* **WHAT IS BEING ASKED**
Only one stretch of the data should be retyped: the lines from the line containing "Hey y'all, welcome" through the line containing "If your landscape". Keep pictures out of it.

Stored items
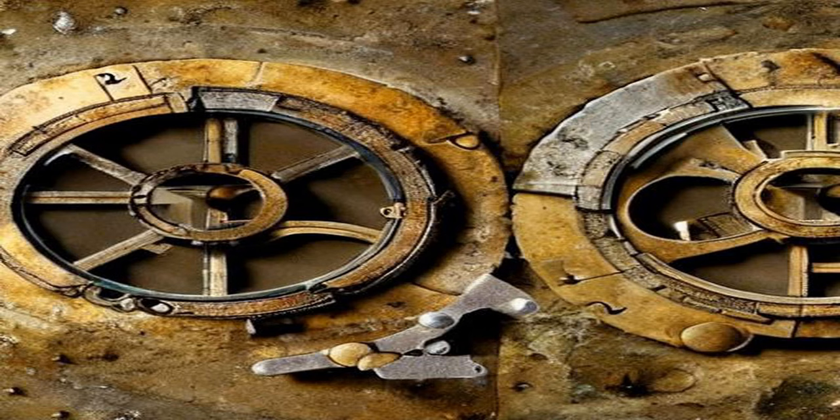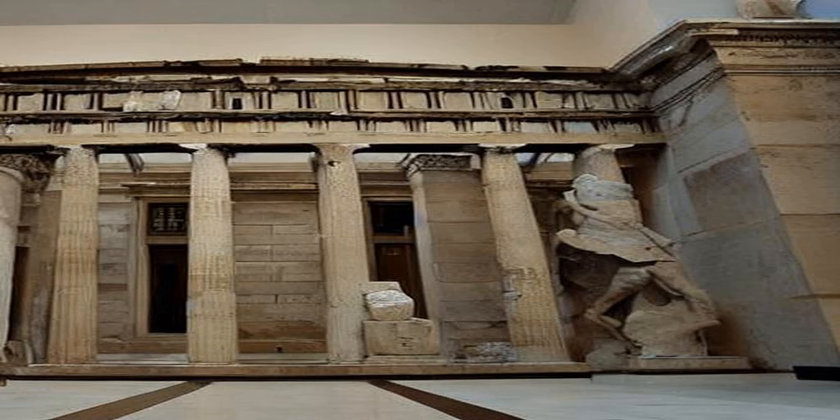The Antikythera mechanism is considered one of the most important archaeological discoveries of the 20th century and has greatly expanded our understanding of the level of technological sophistication in the ancient world. The device is currently housed in the National Archaeological Museum in Athens, where it continues to inspire scientists and historians alike.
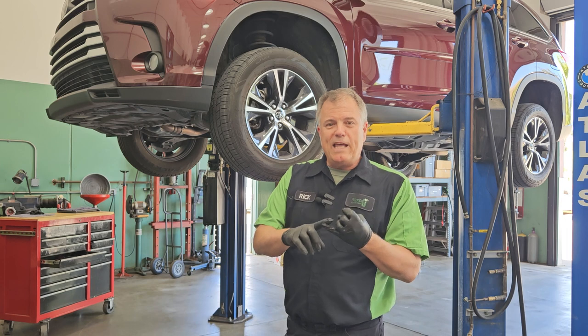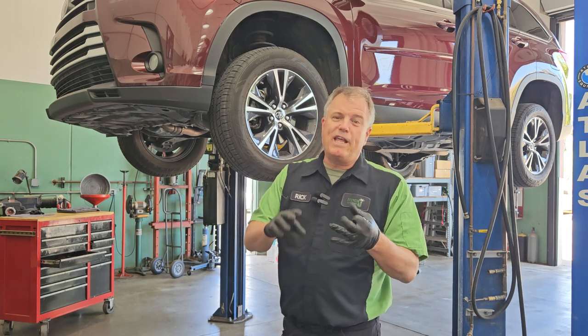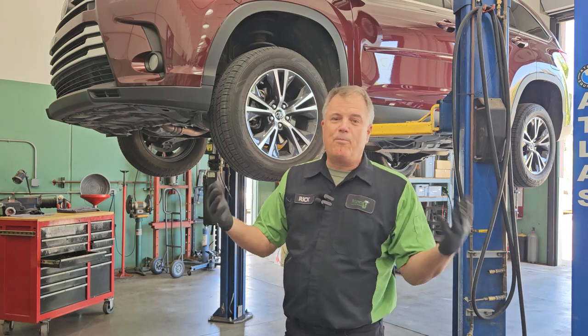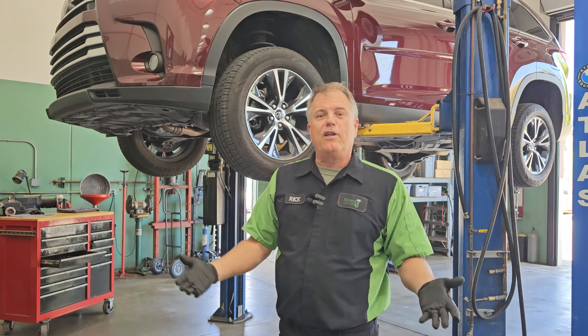You also have a relay that sends power to it, and switches that control it. And in a lot of cases, you have computers that control it called the body control module. So there are a number of different things that can cause it not to blow.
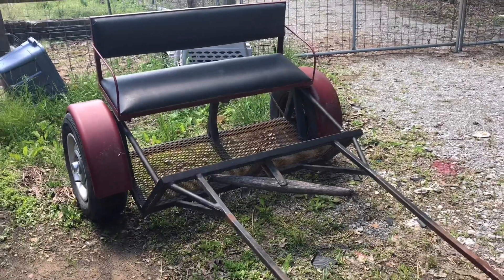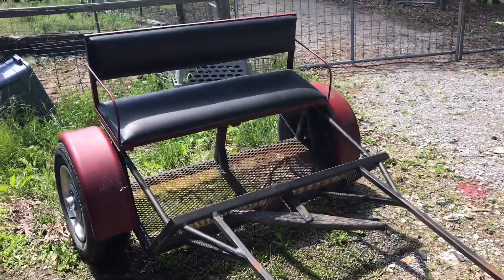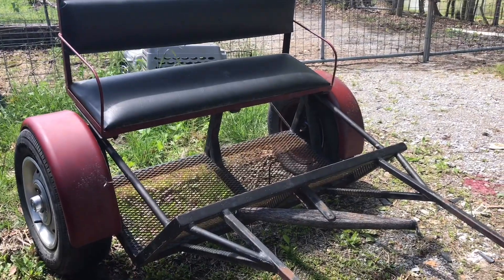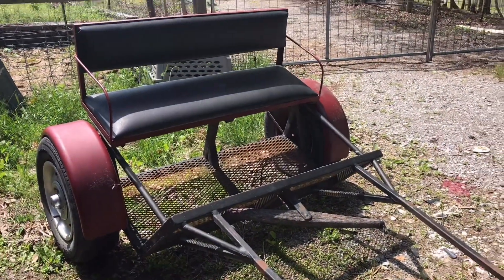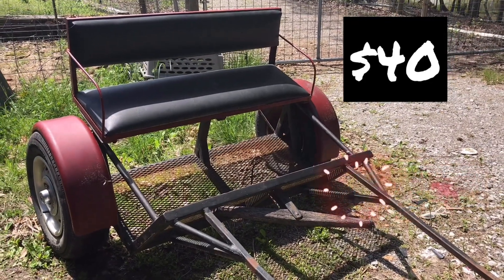Hey y'all, welcome to my farm! I'm gonna talk to you real quick about why you should be set up on Craigslist alerts. This right here is a really nice pony cart that I was able to get on Craigslist because of a Craigslist alert for $40 — that is why I set up Craigslist alerts.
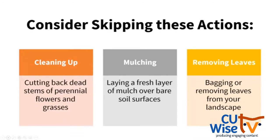If your landscape looks similar, you might have that itch to clean it up. But let's talk about some actions to consider skipping. This is all food for thought — there are actions you may do or some you can't do in your home landscape, and that's okay. When it comes to cleaning up, we want to maybe not cut back dead stems of our perennial flowers and grasses. We may want to skip laying a fresh layer of mulch over bare soil surfaces this fall. And for fallen leaves, maybe we don't want to bag and remove them from our landscape.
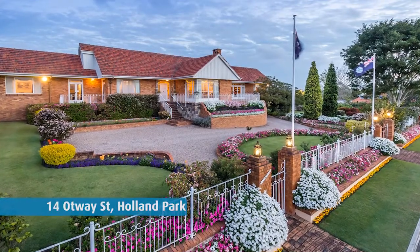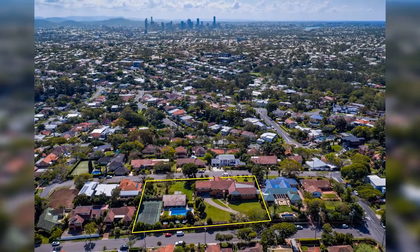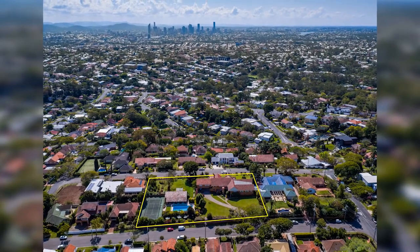We also had a fantastic result at 14 Otway Street, Holland Park — 5,100 square metres of prime north-facing hilltop land. It was always going to be a very high demand product, with a lot of interest from both developers and home owners. It had a luxurious 1950s/60s home on it, and at the end of the day it was a local businessman and woman who lived probably 700 metres from the property who were the successful bidders. A lot of competition, and a very good result: $5,225,000.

* **COMPLETED TASK**
Hey y'all, welcome to my farm! I'm gonna talk to you real quick about why you should be set up on Craigslist alerts. This right here is a really nice pony cart that I was able to get on Craigslist because of a Craigslist alert for $40 — that is why I set up Craigslist alerts.
If your landscape looks similar, you might have that itch to clean it up. But let's talk about some actions to consider skipping. This is all food for thought — there are actions you may do or some you can't do in your home landscape, and that's okay. When it comes to cleaning up, we want to maybe not cut back dead stems of our perennial flowers and grasses. We may want to skip laying a fresh layer of mulch over bare soil surfaces this fall. And for fallen leaves, maybe we don't want to bag and remove them from our landscape.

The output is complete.